Cancer could kill. It had killed his mother.

And that list of symptoms? Sounded way too familiar. Even though he'd been a small child when his mother was sick, Tor remembered how tired she'd always been, how her arms and legs were always marred with purple bruises from the slightest bumps.

He snared Blythe's sapphire gaze with his own. "You had cancer?"

"Yes." The confirmation was too matter of fact for what she was agreeing to.

Was Blythe in remission? She had to be. What was her long term prognosis? "Will it come back?"

She shook her head, silky brown waves swaying over her shoulders. "I've been cancer free since I was nine." She smiled then. "I beat it," she said with a very present sense of victory for that long ago crisis. "They consider you cured if you go ten years in remission. It has been eighteen years."

Relief washed through him, but he did not let it show. It was an out of proportion reaction to news from a family friend that her health was good.

"Do you blame your parents for not noticing you needed to go to the doctor?" he asked.

"No, of course not," she denied, looking at him like he'd lost his mind. "It's not a matter of blaming them for anything, but accepting the truth of our relationship."

"Which is?"

"We don't have one. I do not and have never mattered to them as a human being."

"That…I…" For once, he wasn't sure what to say.

"I was in and out of the hospital for nearly a year. Radiation and chemotherapy are hard. They hurt. They leave you feeling sick all the time. I was a child. I needed comfort."

"And they didn't comfort you?" He could not fathom that level of unconcern in a parent.

His father might have abdicated his role, but if Tor had ever been seriously ill, he knew the former king would have cared. He would have shown up at the hospital at the very least, but Tor still had enough memories of being tucked into bed by his father before he was eight to know that the man knew how to give comfort.

Just not when they'd both been grieving the loss of the same person.

"I barely saw them the entire time," Blythe said, like it was someone else's memory. Not a painful personal one. "They did not visit the hospital. They did not comfort me at night when I cried myself to sleep from the pain.
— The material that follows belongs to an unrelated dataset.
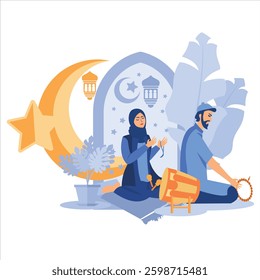 Set bundle of Ramadhan concept illustration. Happy Muslim people celebrate Holy Month Ramadhan, Eid Mubarak greeting. vector illustration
They quite literally did not care whether I lived or died."

How could anyone not care whether this amazing woman lived, or died? Especially as a child. "No."

"Yes. I needed marrow stem cell replacement therapy. Both refused to even be tested for a match. Luckily for me, against the odds, there was a donor match in the database."

"They refused to be tested?" he asked with disbelief.

"Categorically."

He said an ugly word.

She nodded. "And in answer to whether or not they comforted me? No chance. They did not comfort me when I was terrified of the pain each new hospital visit would bring. Sure, my mom got a new charity to support to make her look good. My dad got the sick kid at home card when he didn't want to take a lateral transfer that meant moving to a smaller town."

"And you got the pain and the fear." He had the weirdest completely nonsexual urge to pull her into his arms.

"I had my nannies." Blythe shrugged, like this horror story wasn't any big deal. "Friends from school who supported me when and how they could, but until I met Janice, I never had someone in my life who would sacrifice their own comfort for my own."

Their food arrived, interrupting Blythe's story, but Tor was hooked.